There are 7 swing states, and Nate Silver says that the odds of all 7 states going to the same candidate is 40%. 25% chance Trump takes all 7, and a 15% chance Harris takes all 7.

Essentially, a broad 2% polling error in either direction means a blowout. What are the chances of a 2% polling erorr? Pretty darn high.

https://www.natesilver.net/p/the-state-of-play-in-the-7-stat...

parpfish · a year ago
If polling is as wrong as they think here, I wonder how much effect it’d have in places outside of politics.

Basically any company that tries to do market research or any organization measuring public opinion is wrong in systematic ways.

there will be some very exciting opportunities for whomever can come up with a polling methods that works with modern communication.

andrewflnr · a year ago
Many of the reasons political polling is tricky are unique to politics, especially the poll-result-as-propaganda thing.
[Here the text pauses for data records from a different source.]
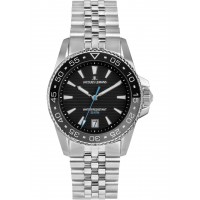 Мужские часы Jacques Lemans Liverpool Diver 1-2205H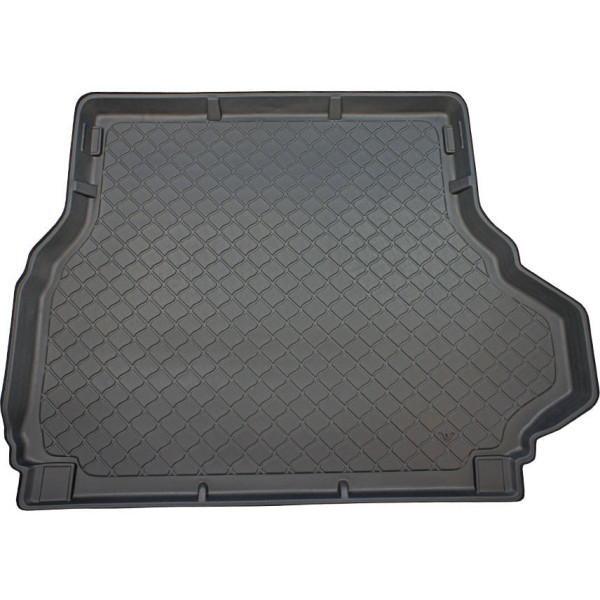 Runko matto Land Rover Range Rover 2002-2012 (5 paikkaa)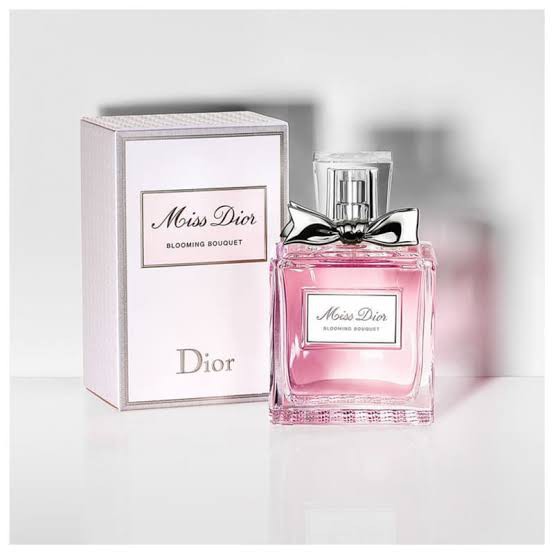 DIOR - MISS DIOR - ORIGINAL SINGAPORE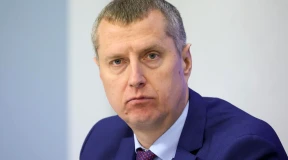 Как Крутой превратил недуг Могилевщины в подвиг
I expect the program of only weird people talking to pollsters is universal, though.
MostlyStable · a year ago
I mean...in Nate Silvers' model, the two most likely outcomes are one or the other candidate sweeping all 7 swing states.

I don't know that anyone who is actually paying attention to the data will be surprised by any outcome that isn't more extreme than that.

xhkkffbf · a year ago
I'm pretty sure it's going to be Harris or Trump. One of those two.
Izkata · a year ago
There is a small chance of a tie, because of how two states split their electoral votes. If they were both all-in like the other states I don't think there'd be a way to split the swing states to make a tie.
4b11b4 · a year ago
true but by 1 swing state? or all of em
doctorpangloss · a year ago
Everyone wants easier to predict US elections.
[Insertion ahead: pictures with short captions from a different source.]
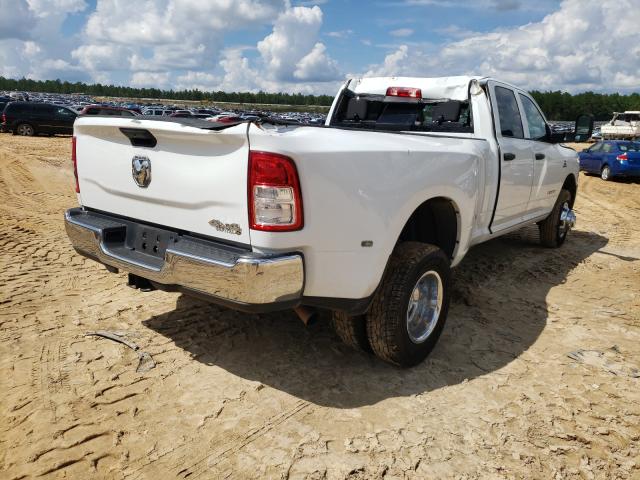 2019 RAM 3500 TRADE 3C63RRGL6KG552633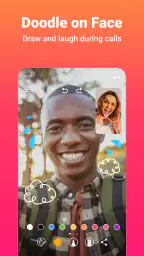 JusTalk - Video Chat & Calls 5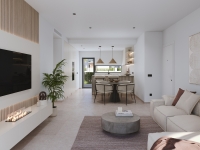 Nouveau - Appartement - Torre-Pacheco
Are there free elections anywhere that are easy to predict?

In a world where $1.00 in Instagram ads yields $1.02 in donations, does it matter?

whimsicalism · a year ago
Yes there are plenty of free elections that are easy to predict. The Mexican election for instance was easy to predict
ghosty141 · a year ago
German elections are also rather consistent except for a few years.